# Simulating a Population for Use in GWAS #

### Population Parameters ###

In [1]:
%matplotlib inline
import shelve
import simuOpt
simuOpt.setOptions(alleleType='short', numThreads=4, quiet=True)
import simuPOP as sim
import pandas as pd
import collections as col
from saegus import breed, operators, selection, helpers, parser, parameterizer, selection
import random
#random.seed(1337)
import numpy as np
np.set_printoptions(suppress=True, precision=3)
import matplotlib.pyplot as plt

In [2]:
hapmap = pd.read_csv('clean_hapmap.txt')
genetic_map = hapmap.ix[:, :'cM_pos']
genetic_map = pd.read_csv('nam_prefounders_genetic_map.txt', index_col=None,
                         sep='\t')

chr_cM_positions = {}
for i in range(1, 11):
    chr_cM_positions[i] = []

for idx in range(len(genetic_map)):
    chr_cM_positions[int(genetic_map.iloc[idx]['chr'])].append(
    float(genetic_map.iloc[idx]['cM_pos']))


cM_positions = []
for i in range(1, 11):
    cM_positions.append(chr_cM_positions[i])
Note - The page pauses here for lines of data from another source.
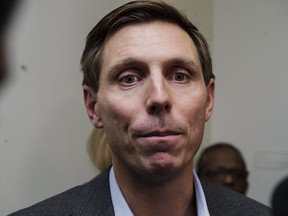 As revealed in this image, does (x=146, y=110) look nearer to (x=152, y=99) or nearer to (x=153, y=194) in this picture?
(x=152, y=99)

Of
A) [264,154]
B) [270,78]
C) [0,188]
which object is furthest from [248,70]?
[0,188]

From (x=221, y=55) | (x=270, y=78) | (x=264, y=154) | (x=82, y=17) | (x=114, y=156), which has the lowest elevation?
(x=264, y=154)

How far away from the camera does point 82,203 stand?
0.82 m

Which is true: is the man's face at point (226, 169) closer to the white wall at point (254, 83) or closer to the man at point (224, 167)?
the man at point (224, 167)

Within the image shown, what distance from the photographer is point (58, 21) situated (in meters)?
1.34

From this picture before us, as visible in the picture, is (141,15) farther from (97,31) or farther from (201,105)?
(201,105)

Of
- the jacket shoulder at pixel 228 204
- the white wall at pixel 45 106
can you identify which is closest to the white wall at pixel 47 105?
the white wall at pixel 45 106

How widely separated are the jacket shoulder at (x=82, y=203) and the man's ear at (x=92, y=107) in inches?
4.5

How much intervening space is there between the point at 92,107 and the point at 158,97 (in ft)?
0.73

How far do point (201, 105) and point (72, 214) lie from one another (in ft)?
1.01

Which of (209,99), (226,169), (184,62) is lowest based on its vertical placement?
(226,169)

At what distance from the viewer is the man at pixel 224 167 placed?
176cm

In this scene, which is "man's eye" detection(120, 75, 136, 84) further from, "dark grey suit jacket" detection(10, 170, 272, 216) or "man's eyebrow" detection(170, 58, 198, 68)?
"dark grey suit jacket" detection(10, 170, 272, 216)

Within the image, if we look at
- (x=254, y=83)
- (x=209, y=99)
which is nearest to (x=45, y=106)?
(x=209, y=99)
snp_to_integer = {'A': 0, 'C': 1, 'G': 2, 'T': 3, '-':4, '+':5}
allele_names = ['A', 'C', 'T', 'G', 'D', 'I']
integer_to_snp = {0: 'A', 1:'C', 2: 'G', 3: 'T', 4: '-', 5: '+'}


integral_valued_loci = []
relative_integral_valued_loci = {}
for idx in range(len(genetic_map)):
    if str(genetic_map.iloc[idx]['cM_pos'])[-2:] == '.0':
        integral_valued_loci.append(idx)
        relative_integral_valued_loci[idx] = (genetic_map.iloc[idx]['chr'], genetic_map.iloc[idx]['cM_pos'])

alleles = {i: (snp_to_integer[hapmap.ix[i, 'alleles'][0]], 
               snp_to_integer[hapmap.ix[i, 'alleles'][-1]]) for i in
          range(len(hapmap))}

recombination_rates = []
for chromosome in cM_positions:
    for cM in chromosome:
        if str(cM)[-2:] == '.6':
            recombination_rates.append(0.01)
        else:
            recombination_rates.append(0.0)

allele_names = ['A', 'C', 'T', 'G', 'D', 'I']

flat_cM_positions = []
for cMs in cM_positions:
    flat_cM_positions.extend(cMs)


nam = sim.loadPopulation('nam_prefounders.pop')
nam.setSubPopName('prefounders', 0)
sample_sizes = {i: 100 for i in range(0, 21, 2)}

genetic_structure = {}
genetic_structure['cM_positions'] = cM_positions
genetic_structure['chr_cM_positions'] = chr_cM_positions
genetic_structure['allele_names'] = allele_names
genetic_structure['integral_valued_loci'] = integral_valued_loci
genetic_structure['relative_integral_valued_loci'] = relative_integral_valued_loci
genetic_structure['alleles'] = alleles
genetic_structure['recombination_rates'] = recombination_rates

In [3]:
sim_params = {
                'generations_of_selection': 10,
                'generations_of_drift': 10,
                'generations_of_random_mating': 3,
                'operating_population_size': 2000,
                'proportion_of_individuals_saved': 0.05,
                'overshoot_as_proportion': 0.50,
                'individuals_per_breeding_subpop': 5,
                'heritability': 0.7,
                'meta_pop_sample_sizes': sample_sizes,
                'number_of_replicates': 1,
                'prefounder_file_name': 'nam_prefounders.pop',
                'founders': [(3,18), (2, 13), (7, 14), (1, 19),
                            (14, 17), (1, 20), (17, 21), (9, 22)]
    }

In [4]:
qtl_params = {
                'qtl': 10,
                'allele_effects': 1,
}
selection_statistics = {
    'aggregate': {},
    'selected': {},
    'non-selected': {}
}
drift_statistics = {
    'aggregate': {},
    'selected': {},
    'non-selected': {}
}

In [5]:
s = selection.Truncation(sim_params['generations_of_selection'],
                       sim_params['generations_of_random_mating'],
                       sim_params['operating_population_size'],
                       sim_params['proportion_of_individuals_saved'],
                       sim_params['overshoot_as_proportion'],
                       sim_params['individuals_per_breeding_subpop'],
                       sim_params['heritability'],
                       sim_params['meta_pop_sample_sizes'],
                       sim_params['number_of_replicates'])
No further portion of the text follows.